**Directions**
Give the entries again exactly; drop the pictures.
--- Material to process Enclosed Below ---
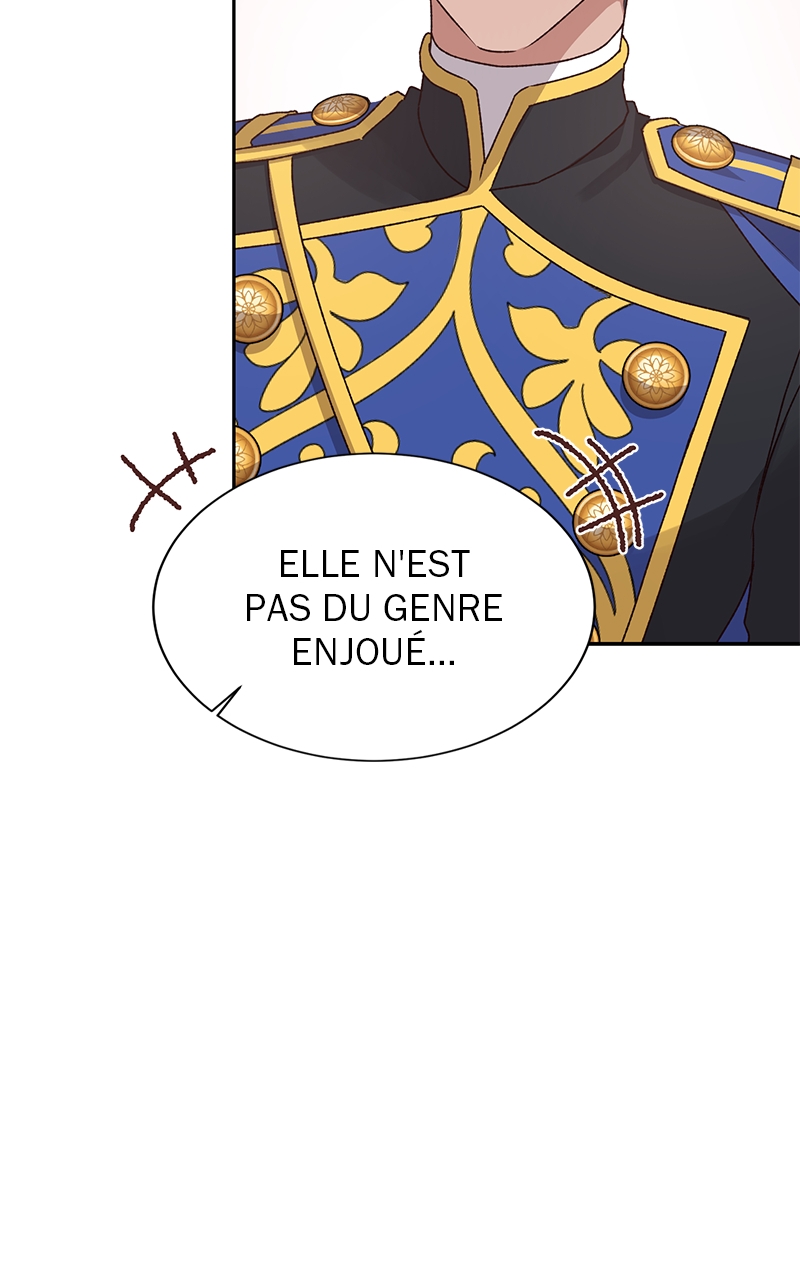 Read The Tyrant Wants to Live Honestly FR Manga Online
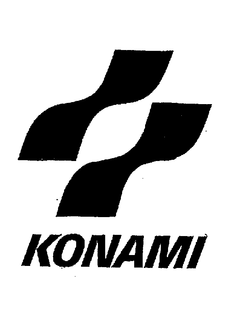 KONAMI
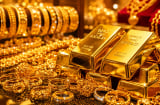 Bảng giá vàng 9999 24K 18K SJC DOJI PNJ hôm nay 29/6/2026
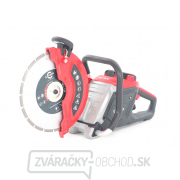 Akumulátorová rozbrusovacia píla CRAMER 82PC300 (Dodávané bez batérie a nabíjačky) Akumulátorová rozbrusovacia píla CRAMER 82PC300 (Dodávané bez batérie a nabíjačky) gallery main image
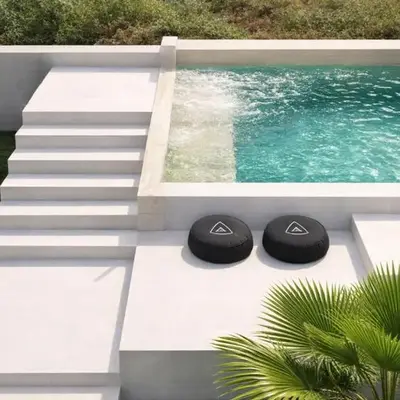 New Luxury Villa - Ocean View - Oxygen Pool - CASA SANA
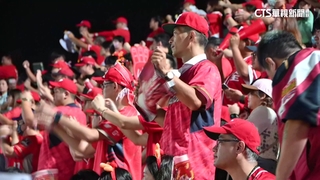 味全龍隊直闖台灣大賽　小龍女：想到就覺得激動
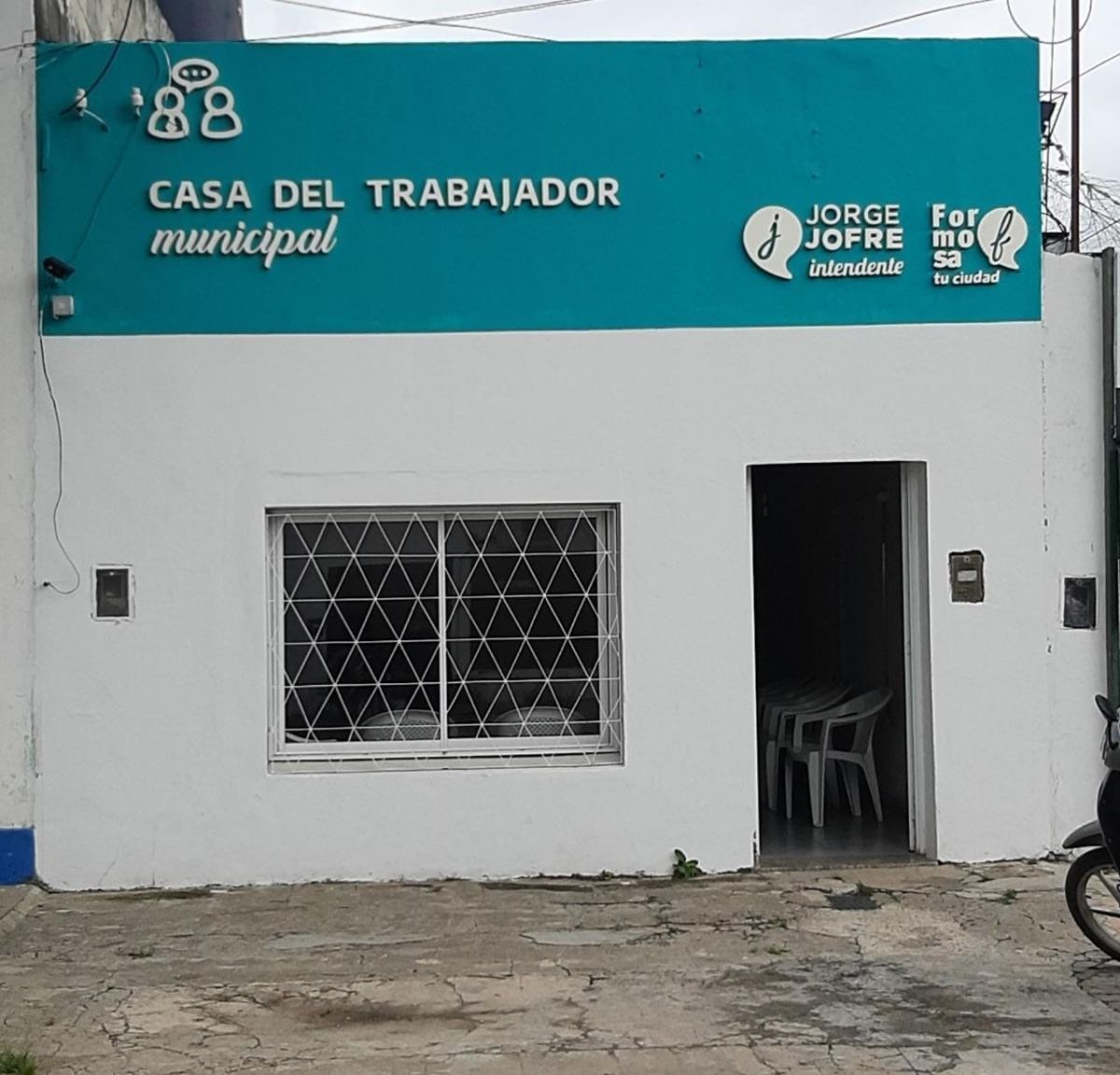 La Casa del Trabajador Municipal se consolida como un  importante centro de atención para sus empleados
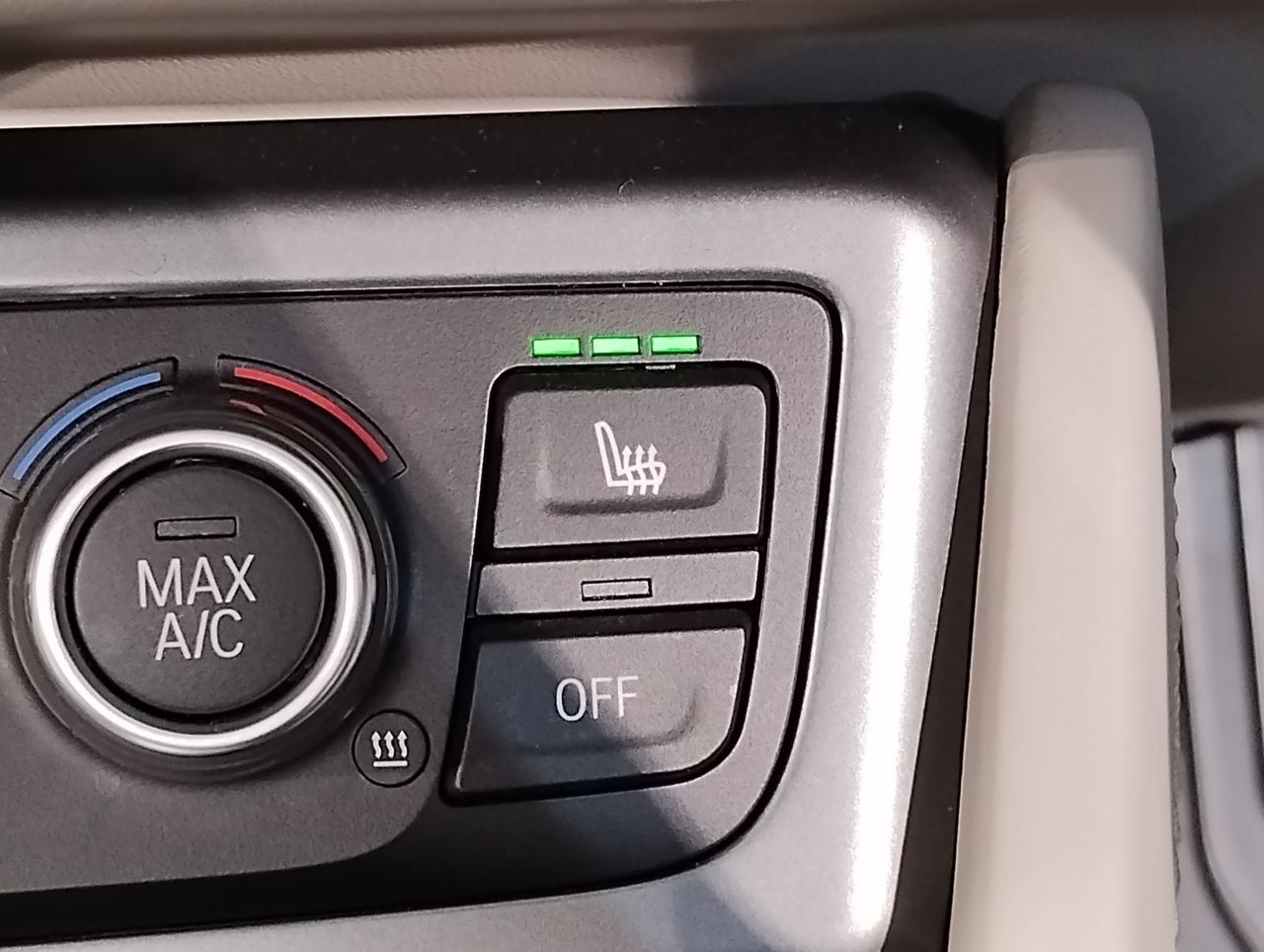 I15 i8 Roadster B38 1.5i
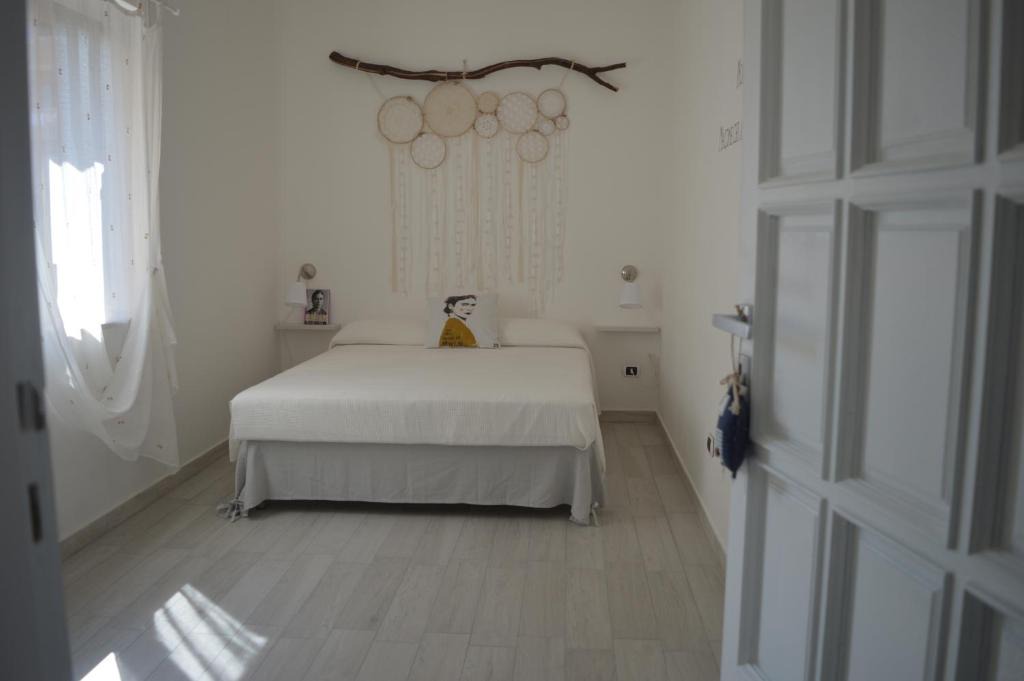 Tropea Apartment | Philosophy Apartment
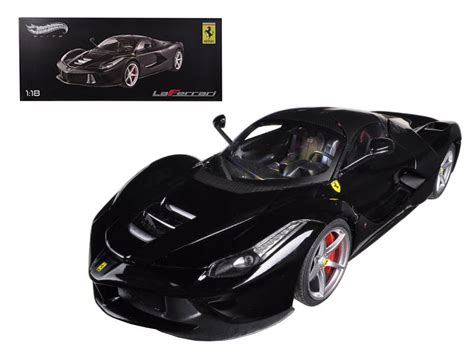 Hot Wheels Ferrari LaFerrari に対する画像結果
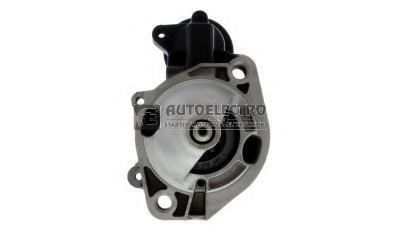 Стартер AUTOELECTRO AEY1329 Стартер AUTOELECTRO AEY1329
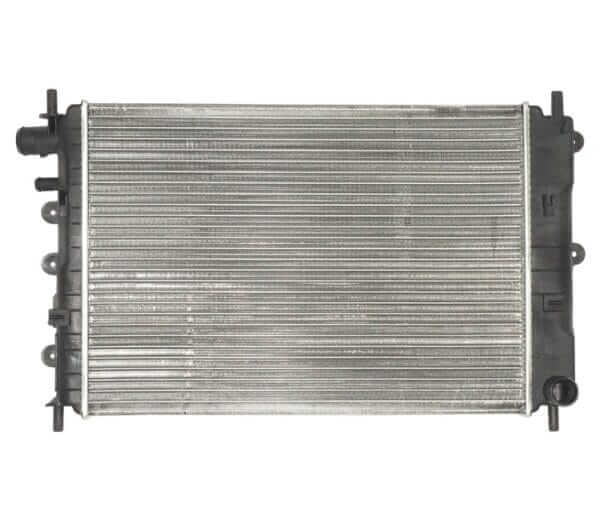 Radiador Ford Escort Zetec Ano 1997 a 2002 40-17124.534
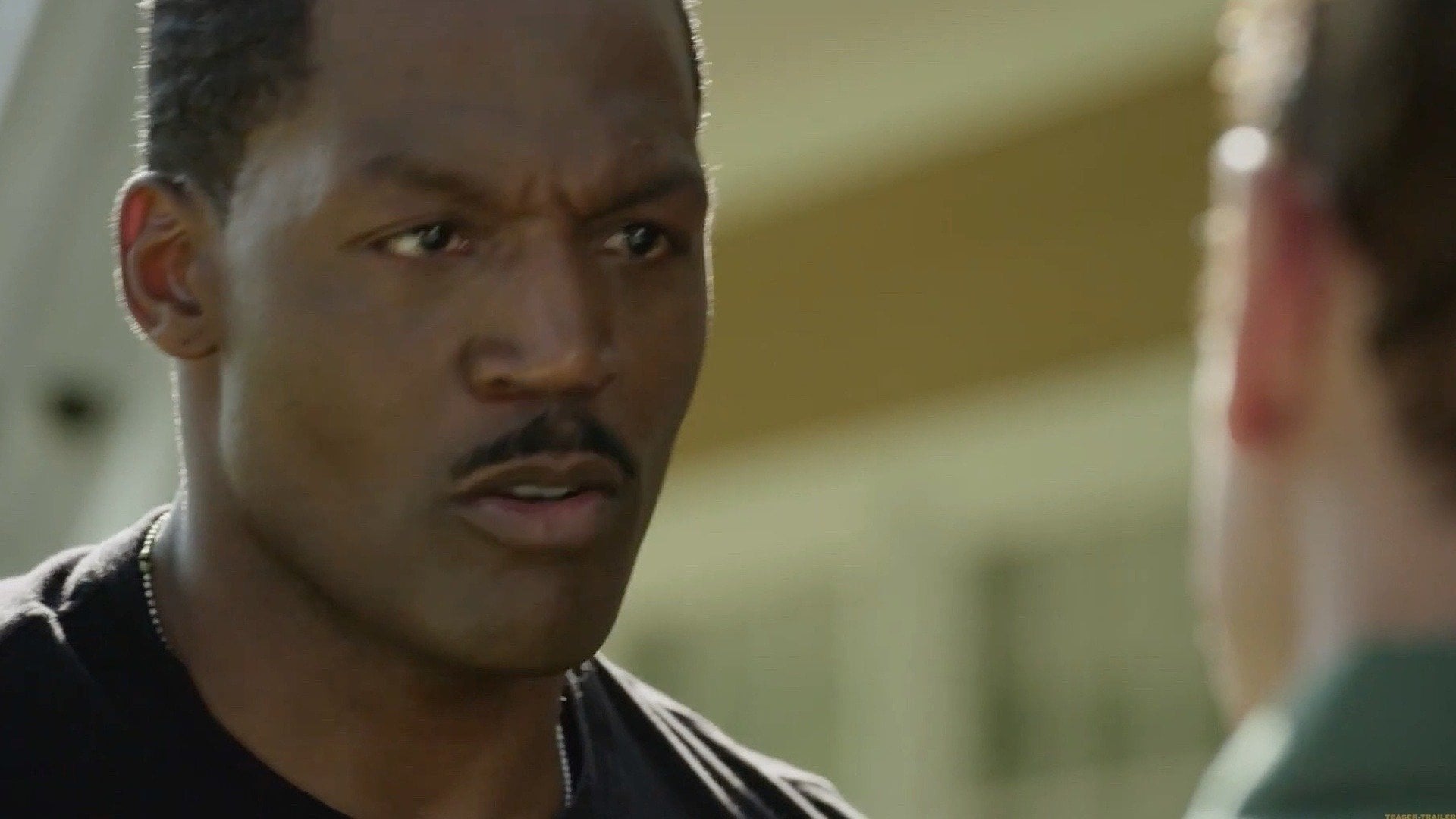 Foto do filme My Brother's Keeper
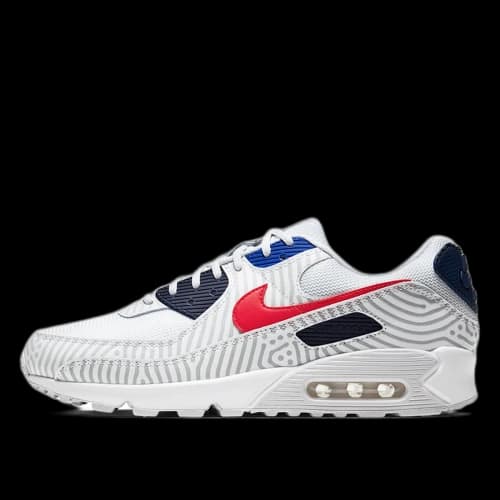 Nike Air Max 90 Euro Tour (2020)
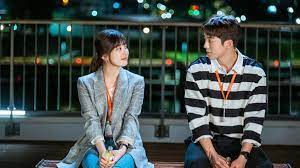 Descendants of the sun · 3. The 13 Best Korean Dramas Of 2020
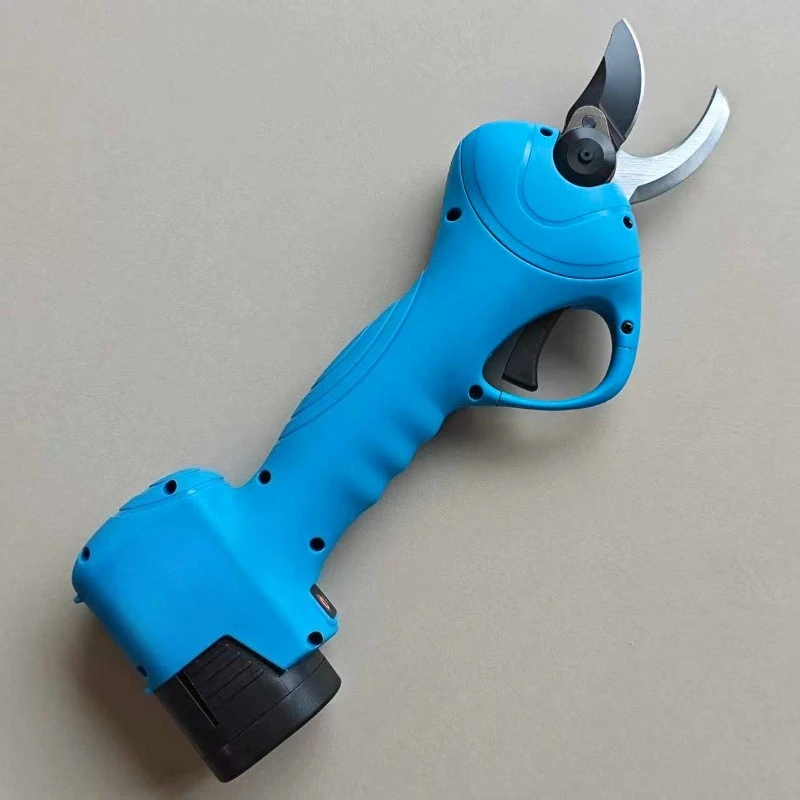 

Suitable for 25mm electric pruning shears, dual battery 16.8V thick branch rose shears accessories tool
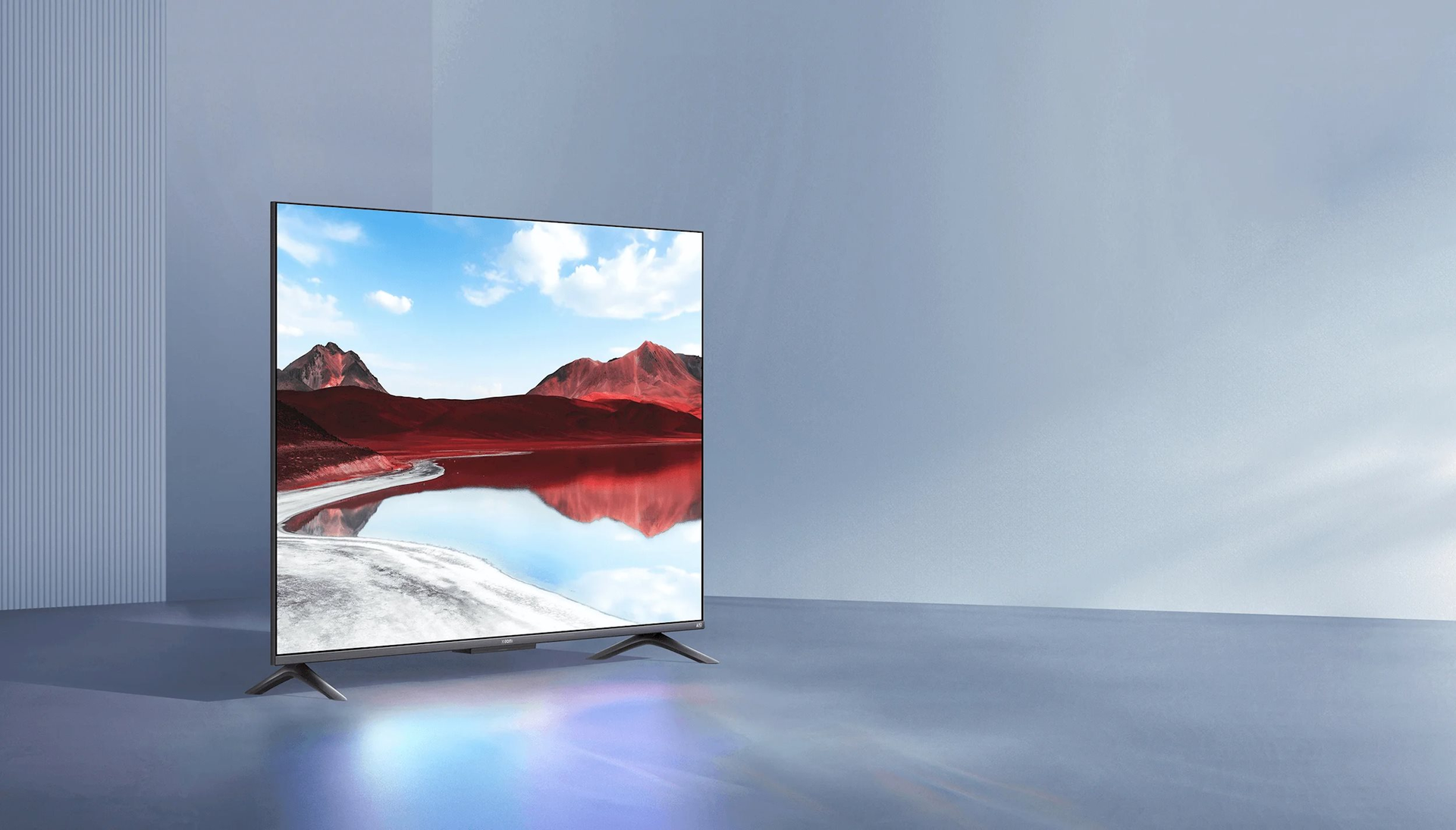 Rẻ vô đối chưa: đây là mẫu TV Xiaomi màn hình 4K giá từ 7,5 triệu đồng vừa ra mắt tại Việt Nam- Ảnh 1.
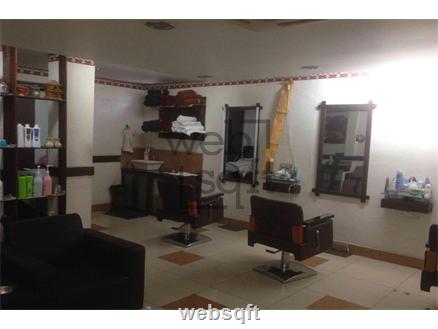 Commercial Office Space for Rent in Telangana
--- End of Enclosed Material to process ---
**Completed exercise**
 Read The Tyrant Wants to Live Honestly FR Manga Online
 KONAMI
 Bảng giá vàng 9999 24K 18K SJC DOJI PNJ hôm nay 29/6/2026
 Akumulátorová rozbrusovacia píla CRAMER 82PC300 (Dodávané bez batérie a nabíjačky) Akumulátorová rozbrusovacia píla CRAMER 82PC300 (Dodávané bez batérie a nabíjačky) gallery main image
 New Luxury Villa - Ocean View - Oxygen Pool - CASA SANA
 味全龍隊直闖台灣大賽　小龍女：想到就覺得激動
 La Casa del Trabajador Municipal se consolida como un  importante centro de atención para sus empleados
 I15 i8 Roadster B38 1.5i
 Tropea Apartment | Philosophy Apartment
 Hot Wheels Ferrari LaFerrari に対する画像結果
 Стартер AUTOELECTRO AEY1329 Стартер AUTOELECTRO AEY1329
 Radiador Ford Escort Zetec Ano 1997 a 2002 40-17124.534
 Foto do filme My Brother's Keeper
 Nike Air Max 90 Euro Tour (2020)
 Descendants of the sun · 3. The 13 Best Korean Dramas Of 2020

Suitable for 25mm electric pruning shears, dual battery 16.8V thick branch rose shears accessories tool
 Rẻ vô đối chưa: đây là mẫu TV Xiaomi màn hình 4K giá từ 7,5 triệu đồng vừa ra mắt tại Việt Nam- Ảnh 1.
 Commercial Office Space for Rent in Telangana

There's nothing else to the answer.